# Bora Bora in late December - Any thoughts or recommendations



## SrSeabass (Aug 10, 2008)

We are looking to charter in French Polynesia in late December. Given this is the start of the wet season and the recent tsunami activity im anxious to get some opinions on weather and safety. My prior charter experience was BVI so I anticipate this will be more challenging.

Thanks in advance!


----------



## TSOJOURNER (Dec 16, 1999)

I was living in French Polynesia for about 3 years. Never got problems in december neither others months during my stay. We had a <tsunami> evacuation but when it came ashore, it was a 2cm tsunami. Just a joke.
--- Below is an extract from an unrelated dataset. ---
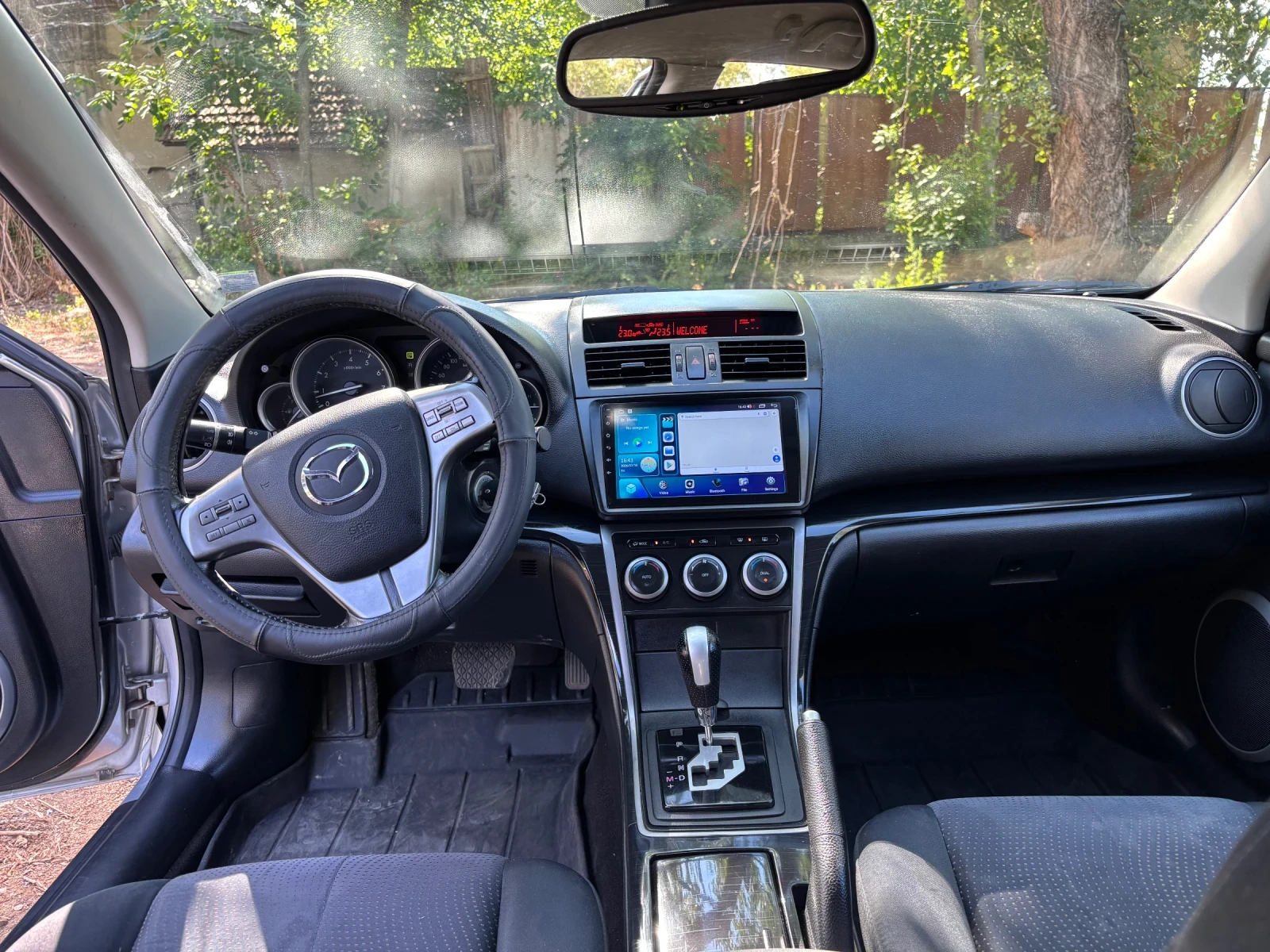 Mazda 6, снимка 11 - Автомобили и джипове - 55242865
tsunami and hurricane are part of living on tropical islands. It happens less than we think. Problem is link to the fact when it happens, it is brodcasted every where across north america and europe. When you are on the island, it is usually less drama than it is showing on TV. I also had a 4 days hurricane in the indian ocean (with a 5 minutes of peace while in the eye) and I am still alive.
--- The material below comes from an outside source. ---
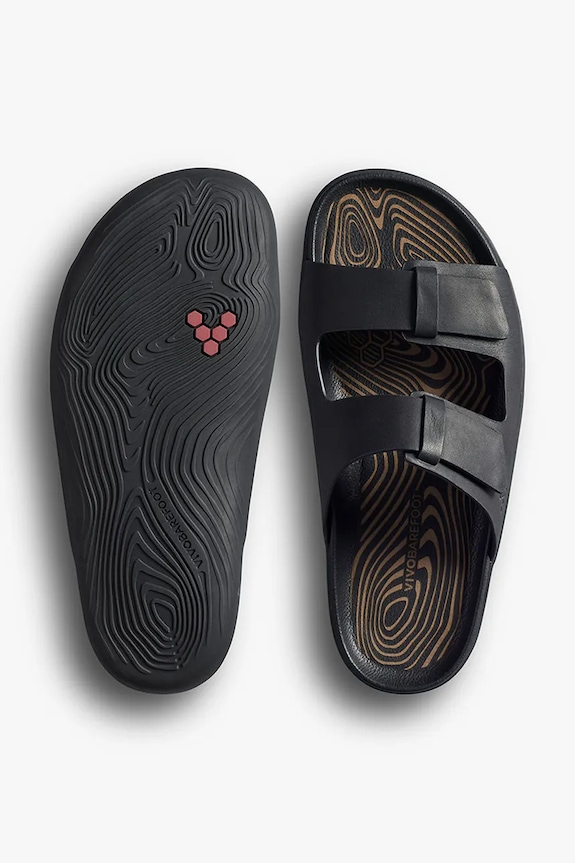 Vivobarefoot slapi de piele SENSUS YIN 209564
Don't worry, you will be in a safe place.


----------



## Omatako (Sep 14, 2003)

Read this and decide.

Landfalls of paradise: cruising ... - Google Books

Tsunami are not seasonal and are rare anywhere.


----------



## Hesper (May 4, 2006)

I was there in February 2007. In two weeks there were three days of gentle breezes, otherwise dead calm. Go figure.


----------



## SiberianSea (Sep 21, 2010)

I spent last winter there and was on Moorea Island when storm "Oli" came through. Although Bora Bora got a more dammage none of the sailboats at anchor at Moorea were harmed. Bora Bora is WAY overrated. Yes it looks just like the photo's but the island itself is not as it might seem. There is trash and garbage tossed about and its very very expensive. Just to stand there and smell the sea air seems to cost money. Right next to Bora Bora is Huahine island. There you can get away from the club med. types and have room to explore. But Moorea is the place. Honestly Moorea has nice anchorages, wonderful diving and swimming with many small village stores found along the road that circles the whole island. For a small fee there is a high speed ferry that runs between Moorea and Tahiti. Tahiti has much lower cost supplies. Other wonderful places are the atolls Rangiroa, Mataiva, Tetiaroa, Raiatea and Tahaa. Your goin' to love French Polynesia.


----------